This blog is dedicated to positive ways to deal with children. After reading books in the “Positive Discipline” series, I agree to reject its opposite, punitive discipline, where “blame, pain, or shame” are used to try to influence child behavior. This includes spanking and “timeouts,” when used punitively.
But positive discipline doesn’t mean never making decisions on behalf of your children. In fact, one book says (paraphrase) “75% of problems would go away if parents acted instead of lectured.” I think of a family I saw recently where a ~2 year old was trying to explore some nearby shrubbery and both of his parents, both towering, kept yelling and yelling and yelling at him to stop. If they really wanted him to stop, they would have scooped him up, away from the shrubbery, or, better yet, found an activity that he was allowed to do and satisfied his obvious curiosity.
It is perfectly acceptable in positive discipline to take a toy away from a child who is abusing it. I have done it several times–though I cannot say I have done it “often,” because it is quite effective. I can’t even think of a specific toy I have taken away. But a typical example goes like this: If my child is using a toy to hit another child, without any warnings whatsoever, I take the toy away, and tell the child, “It is my job to keep everyone safe. This toy is being used to hurt people. I have to put it away for a while. We can try again later.” The “try again later” line is key: You emphasize that you recognize that this is a temporary error on their part and they have the ability to behave better in the future. My son, 3, never gets upset over this. He understands it fully. I usually give the toy back within a few minutes–about the same time most parents put their child in timeout. And toys, unlike children, actually stay in timeout.
I used this also when my son was hitting his younger sister. I moved her away from him and told him he couldn’t be near her if he was hurting her. In less than one minute, he said, “How about I try playing with her again?” i.e., he used the same language I use with him when I take toys away. And I let them play together and he was respectful towards her!

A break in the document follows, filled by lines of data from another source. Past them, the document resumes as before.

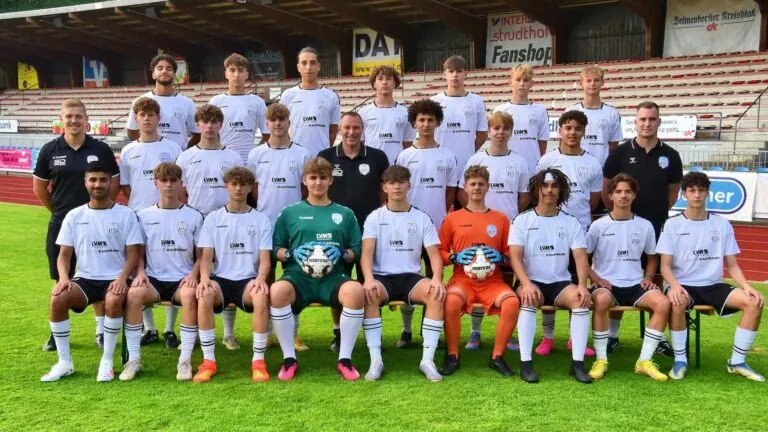 JFV Delmenhorst U17 Mannschaftsfoto 23-24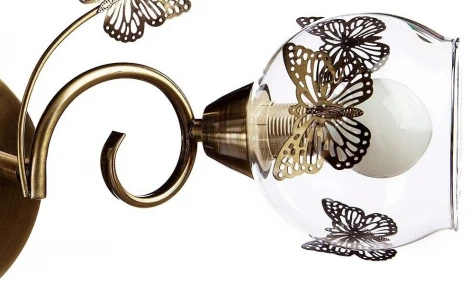 Потолочная люстра Arte Lamp Alessandra A5004PL-3AB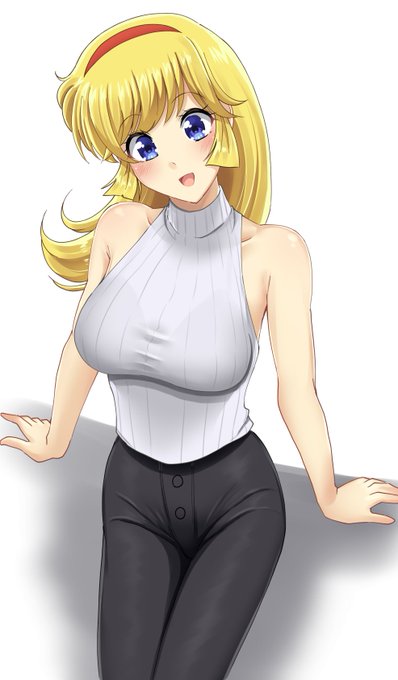 肩だし白衣装の如月ハニー
うぅ～～ん、大変良い…… 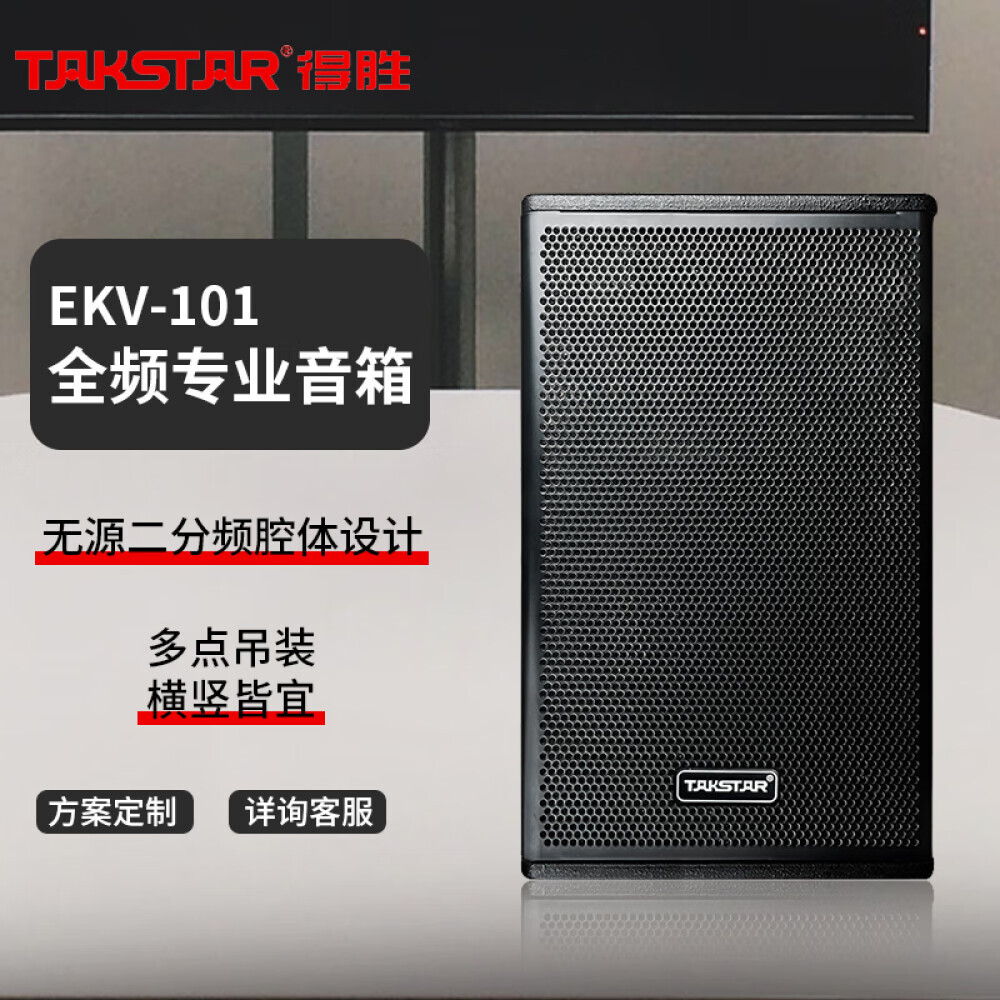 

Динамик полнодиапазонный Takstar EKV-101 профессиональный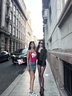 宝娜斯黑丝袜0.01超薄高透春夏季性感黑丝袜加档透明隐形无痕连裤袜 实拍图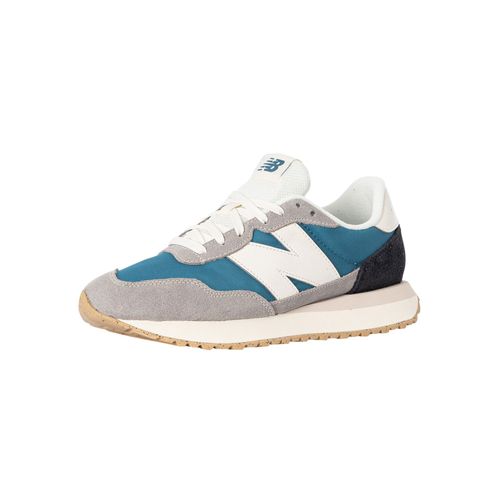 New Balance Baskets En Daim 237 Multicolore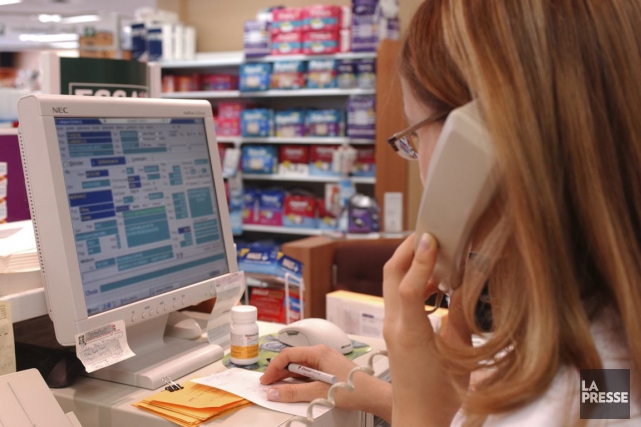 Coupes aux pharmacies: des frais accessoires pourraient être imposés Au lieu que les pharmacies reçoivent des honoraires... (Photothèque La Presse)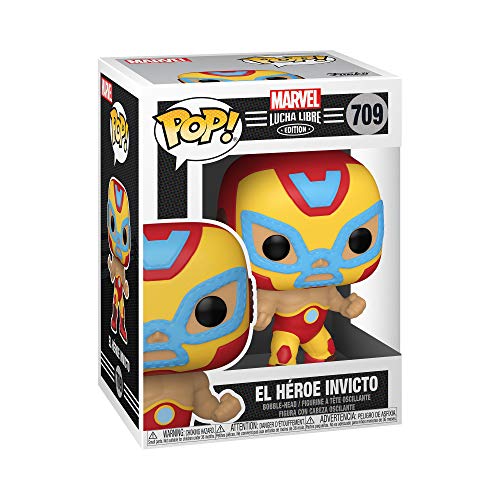 Sale Funko Pop! Marvel: Luchadores - Iron Man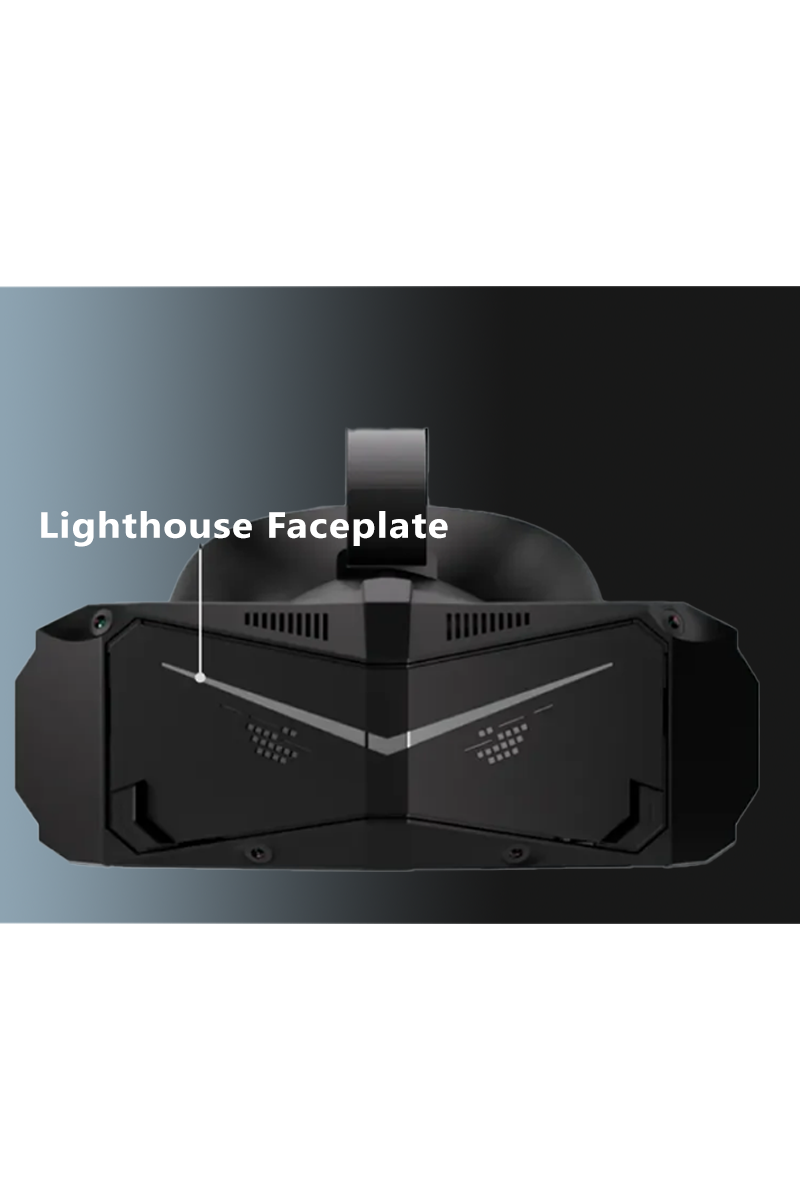 PIMAX CRYSTAL Light Headset con Lighthouse Faceplate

My (limited) understanding of the history of “timeout,” is it was meant to be just that: A temporary timeout from intense activity so people could cool off and collect their minds. A “positive timeout” is used in Positive Discipline, in fact there is an entire book dedicated to it. Montessori describes this exact thing in one of her books, where a comfortable place is made for misbehaving children to go and collect themselves, while watching the fun that other children are having, which is enough to motivate them to play nicely, so they can join the fun. Yet somehow people took this “timeout” approach as apparently a much welcomed alternative to spanking and use it punitively.
Adults, arguably more so than children, need this type of positive timeout. Of all of the children who got put into timeout after becoming swelled with anger and acting out because of it, how many adults have done something they regret, such as hitting a child, after becoming overwhelmed with frustration and anger? If asked, do you think these adults would want punishment or understanding for their actions? Would they maybe want some tools of how to deal with it so they don’t do it again? If there is one tool that you should have always in your back pocket to apply to any situation that may arise, I would recommend the parent positive timeout. Have a timer ready or just a place you can go to collect your thoughts if you need it. Almost every situation can be handled well–creatively and positively–if adults can collect their emotions.
Less blame, less pain, less shame. I was going to put a picture of a child in timeout in this post, but they simply break my heart. It is more than physical pain: It is public humiliation. Instead: More guidance, more training, more effective discipline.